On traite le varroa à l'automne. On surveille le nosema au printemps. On s'inquiète des virus quand les ailes se déforment. Trois problèmes, trois moments, trois réponses séparées. C'est ainsi qu'on raisonne au rucher, et c'est une erreur.
Une étude parue en 2026 sur l'archipel des Açores montre que ces parasites ne travaillent jamais seuls. Ils s'additionnent, et surtout, l'un rend l'autre pire. Lutter contre un seul en ignorant les autres, c'est vider une barque sans colmater la fuite.
Neuf îles, une expérience impossible à monter ailleurs
Pour démêler l'effet de parasites qui coexistent presque toujours, il faudrait comparer des colonies avec et sans l'un d'eux, toutes choses égales par ailleurs. Sur le continent, c'est impossible : le varroa est partout.
Les Açores offrent ce que le laboratoire ne peut pas fabriquer. Cet archipel portugais compte neuf îles, et le varroa n'en a colonisé que trois (Pico en 2000, Flores en 2001, Faial en 2008). Les six autres en sont toujours indemnes, un statut protégé par une réglementation européenne stricte et une surveillance continue. Un partage net : des îles avec varroa, des îles sans, à quelques dizaines de kilomètres, avec les mêmes abeilles d'origine (Apis mellifera iberiensis, lignée M).
Les chercheurs y ont échantillonné 494 colonies, sur deux campagnes (2014-2015 puis 2020), recherché neuf virus plus le nosema par RT-qPCR, et modélisé les interactions par une approche bayésienne. Sept virus détectés, quatre analysables proprement : BQCV, LSV, DWV et SBV. C'est ce dispositif rare qui donne son poids aux conclusions.
Le nosema n'attaque pas seul : il ouvre la porte
Le nosema, rebaptisé Vairimorpha ceranae depuis 2020 (je détaille son action dans un autre article, sur ce que l'imagerie moléculaire révèle du parasite), infecte l'intestin moyen de l'abeille. En abîmant la paroi intestinale et en affaiblissant l'immunité, il crée un terrain favorable à d'autres pathogènes.
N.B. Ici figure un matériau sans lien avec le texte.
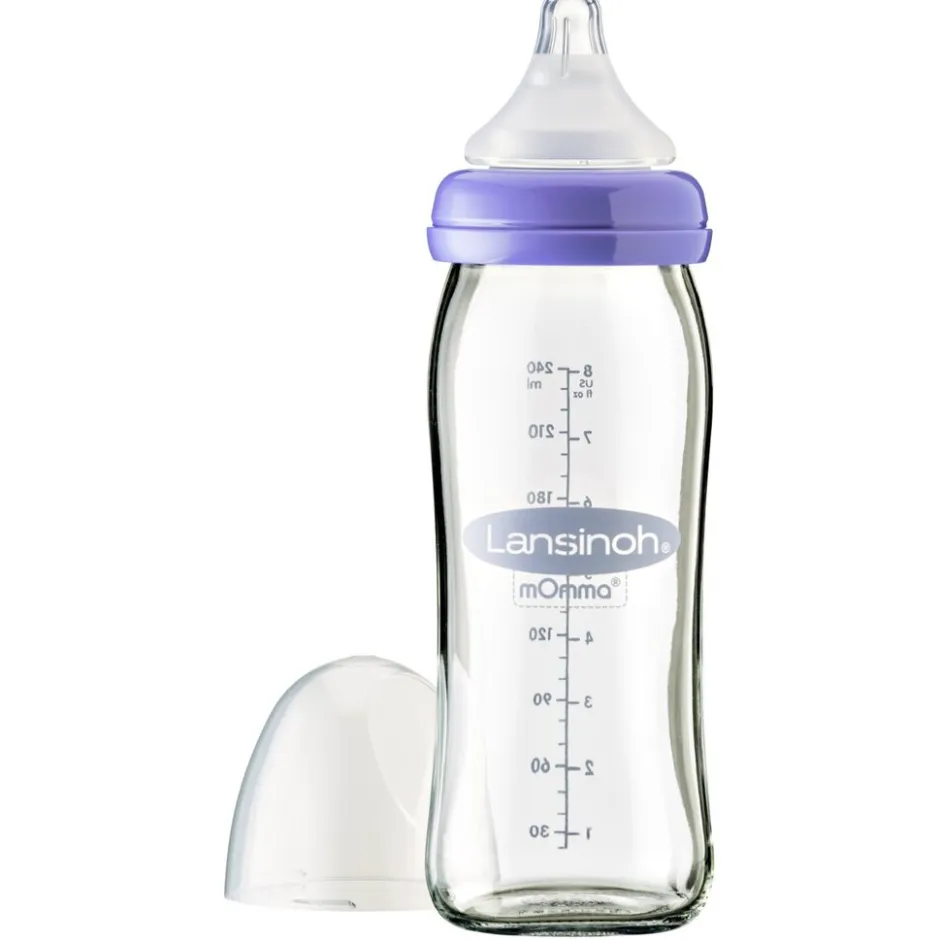 Discount Lansinoh NaturalWave Glazen Fles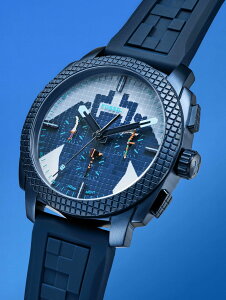 FOSSIL Minecraft [�}�C���N���t�g] x Fossil �_���W���� II �N���m�O���t�E�H�b�` �t�H�b�V�� �A�N�Z�T���[�E�r���v �r���v�y���������z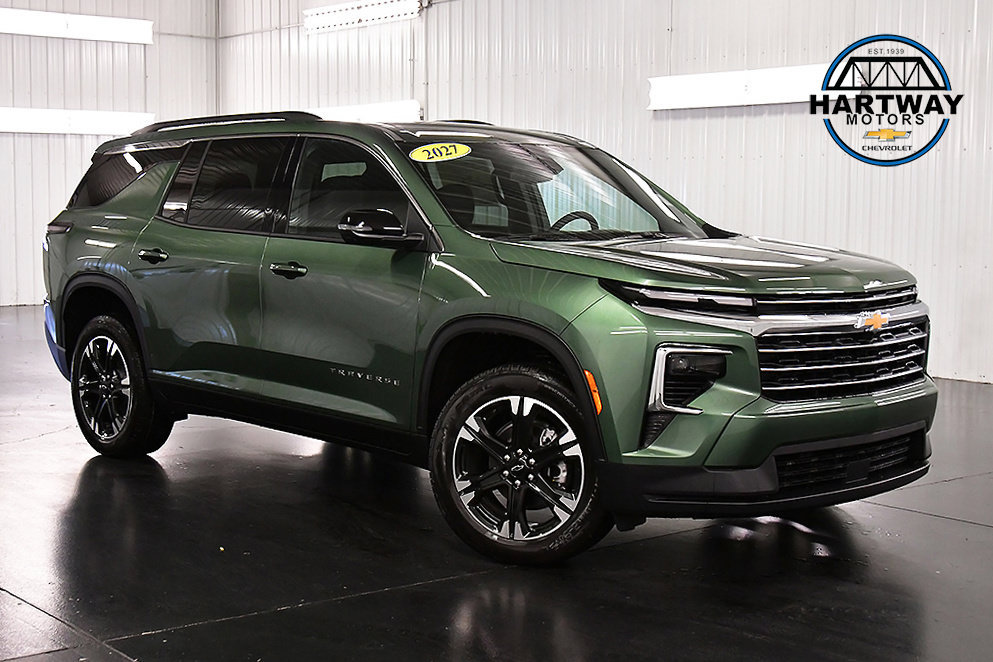 2027 Chevrolet Traverse LT SUV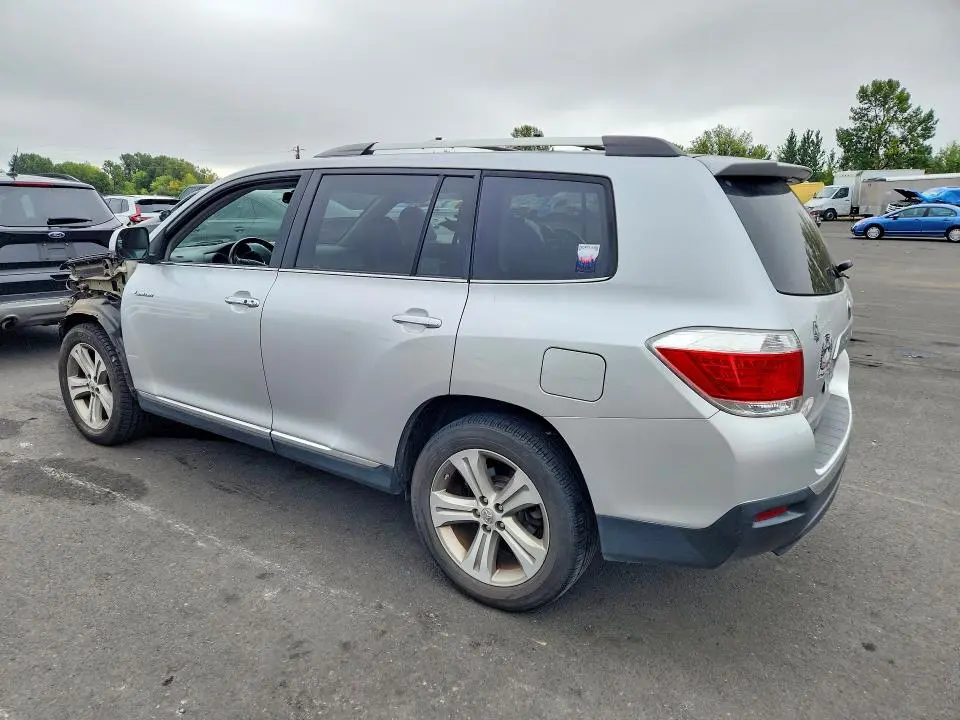 2011 TOYOTA HIGHLANDER LIMITED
Les charges virales mesurées le montrent nettement. Voici les médianes, en log de copies par abeille, selon que la colonie est infectée par le nosema (Vc+) ou non (Vc−) :
| Virus | Colonies Vc+ | Colonies Vc− | Sens de l'effet |
|---|---|---|---|
| LSV (Lake Sinai) | 8,61 | 7,92 | nosema aggrave |
| BQCV (cellule royale noire) | 6,96 | 6,47 | nosema aggrave |
| DWV (ailes déformées) | 6,37 | 7,18 | pas d'effet net |
| SBV (couvain sacciforme) | 5,78 | 6,70 | relation inverse |
Deux virus montent avec le nosema, le LSV et le BQCV. Pour le LSV, l'effet est fort : hausse moyenne de 1,72 log, avec une probabilité de 99,9 % qu'il soit réel. Pour le BQCV, hausse plus modérée mais confirmée.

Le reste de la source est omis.